Sergio calla unos segundos, reflexionando, antes de hablar. —¿Y si no lo es? Es la única persona que sabe quién soy, el único cabo suelto.

—¿En qué habitación lo han metido?

—En la ciento diecinueve. Sé que es una trampa al noventa por cien.

—Al noventa y nueve por cien —corrige el matrimonio.

Un suspiro se escucha al otro lado de la línea. —¿Pero vamos a dejar uno por ciento al azar?

Ante la preocupación de su hermano, Andrés toma el mando sobre la situación.

—No, vas a tener que presentarte allí y comprobar si es una trampa. Y si no lo es, acabar con él.

—Sergio no es capaz de matar —ella musita, recordándole.

—Entrar en un hospital en donde, con toda probabilidad, habrá unos cincuenta policías esperándome.

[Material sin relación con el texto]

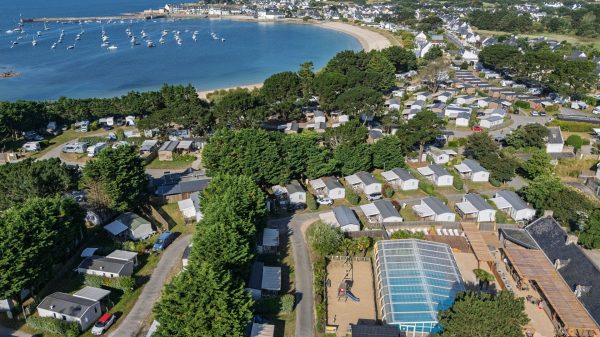 Ein Campingplatz am Meer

—Va, Sergio, piensa, coño —Violeta sonríe, divertida, reprimiendo una risa al escuchar cómo le habla Andrés a su hermano menor. Este, por su parte, comienza a formular una estrategia para no ser atrapado—. Te has pasado la mitad de tu infancia en un hospital. ¿Qué manera hay de entrar en una trampa sin que te pillen, sabiendo que te está esperando la caballería?

Berlín y Roma aguardan, viendo el teléfono como si fuera el Profesor y pudieran observar su comportamiento.

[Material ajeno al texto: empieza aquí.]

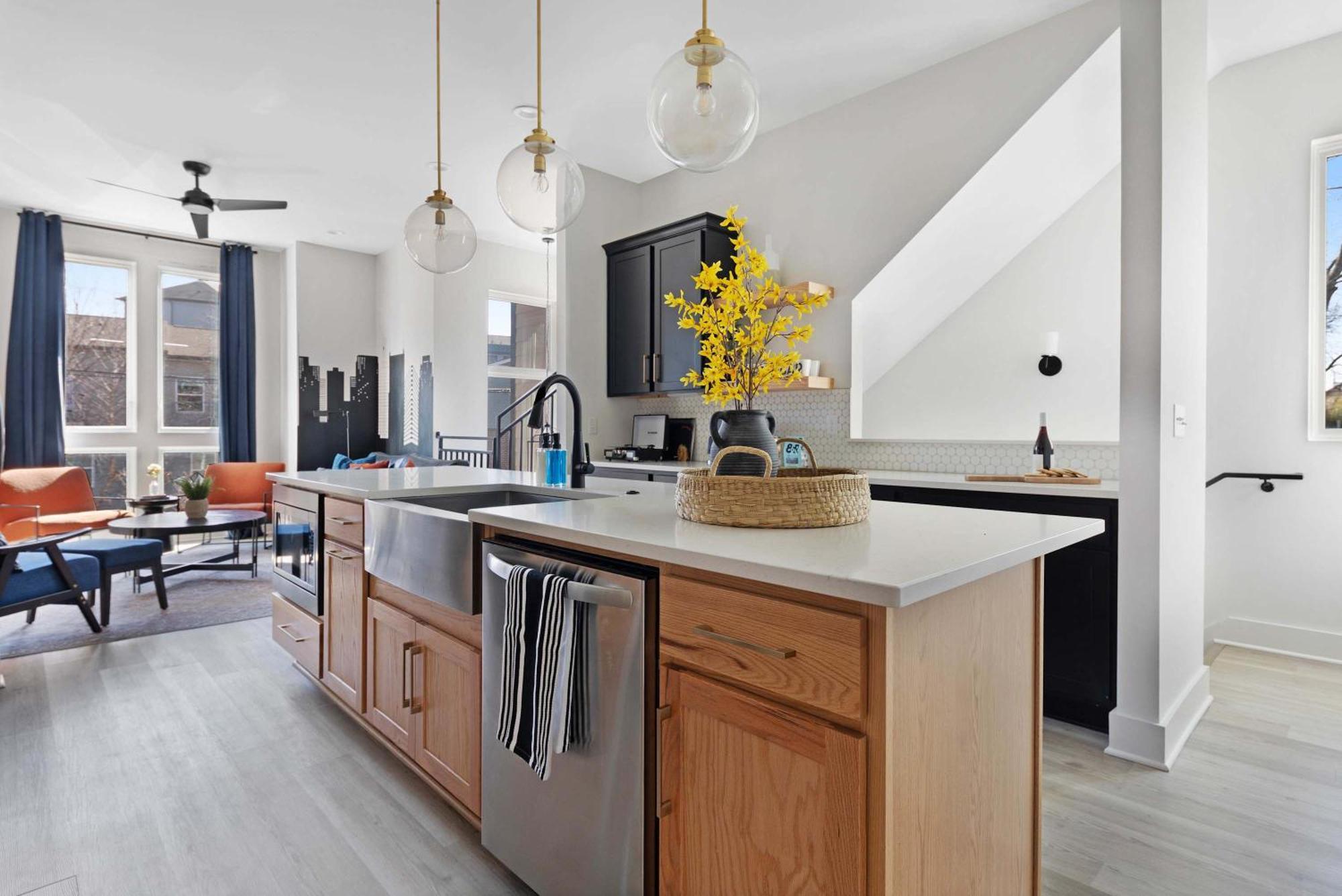 The Camellia - Rooftop Patio & Dog Friendly! *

La manera es desbocando —un golpe seco se escucha en el fondo—, a la caballería.

—Entonces hazlo —puntualiza Roma—. Y ten cuidado, por favor.

Marquina emite un ruido de afirmación, agradeciendo el apoyo, antes de agregar una última cosa.

Díganle a Rio que haré lo posible para sacar a Tokio de la cárcel.

Cuando cuelga, Roma gime, fastidiada.